Handel już zyskuje dzięki pracownikom z Ukrainy
Dyrektorka Centrum Badań nad Zmianą Społeczną i Mobilnością zwraca uwagę, że handel, obsługa klienta cierpią na ciągłe niedobory pracowników, zwłaszcza w dużych miastach. Nie wszyscy jednak z uchodźców i uchodźczyń są do takich prac przygotowani. - Spróbujmy ich najpierw zdiagnozować kompetencyjnie. To będą nowe obszary działalności dla Powiatowych Urzędów Pracy i agencji pośrednictwa pracy, które, być może, polskie Ministerstwo Pracy powinno zakontraktować, zwłaszcza w tym okresie wzmożonych działań – tłumaczy.

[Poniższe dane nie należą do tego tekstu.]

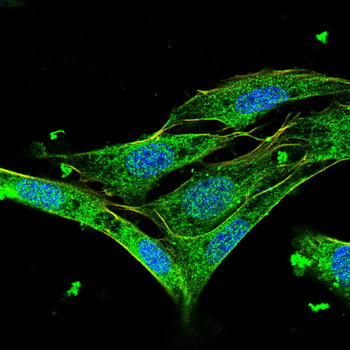 CALB2 Antibody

Podkreśla, że wiele dziedzin gospodarki już korzysta na obecności pracowników z Ukrainy. - Handel już korzysta. Rolnictwo korzysta. Budownictwo korzysta. Turystyka korzysta. Usługi domowe korzystają. Pamiętajmy, że w ciągu ostatnich lat do Polski przybyło ponad 1 milion Ukraińców i Ukrainek, którzy podjęli pracę w różnych częściach Polski, w różnych branżach, głównie tam, gdzie były duże niedobory i Polki i Polacy nie chcą już w tych branżach pracować – wymienia Izabela Grabowska.
Nie odrobiona lekcja z migracji
Jej zdaniem, obecnej sytuacji nie powinno się nazywać kryzysem migracyjnym, ponieważ może to spowodować niebezpieczne efekty społeczne, takie jak np. społeczne zmęczenie kryzysem migracyjnym i obojętnienie społeczeństwa w dłuższej perspektywie czasowej, dzielenie migrantów na dobrych i złych, inność (migranci jako inni, obcy w społeczeństwie), funkcjonalność (migracja jako „chłopiec do bicia” polityków; temat zastępczy przykrywający inne problemy społeczne), prowadzenie reakcyjnych, doraźnych polityk, etykietowanie migrantów i dzielenie na różne kategorie w zależności od potrzeb gospodarki.
- W dłuższej perspektywie potrzebna będzie większa liczba mieszkań komunalnych. Jak część uchodźców i uchodźczyń „stanie na nogi”, poszerzać się będzie obszar wynajmu mieszkań przystępnych i tańszych, zwłaszcza w dużych miastach, gdzie jest praca. Powinniśmy też zacząć przygotowywać żłobki, przedszkola i szkoły na przyjęcie ukraińskich dzieci. Zatrudnijmy ukraińskich nauczycieli, pedagogów szkolnych, psychologów – wymienia ekspertka.
- Jest bardzo dużo do zrobienia. Niestety nie odrobiliśmy lekcji z przeszłości, żeby się strukturalnie przygotować do napływu migrantów. Odruchy serca, ogromna pomoc i solidarność Polaków z Ukraińcami, są na wagę złota – dodają otuchy, dają poczucie sensu, ale to na dłuższą metę nie wystarczy – podsumowuje Izabela Grabowska.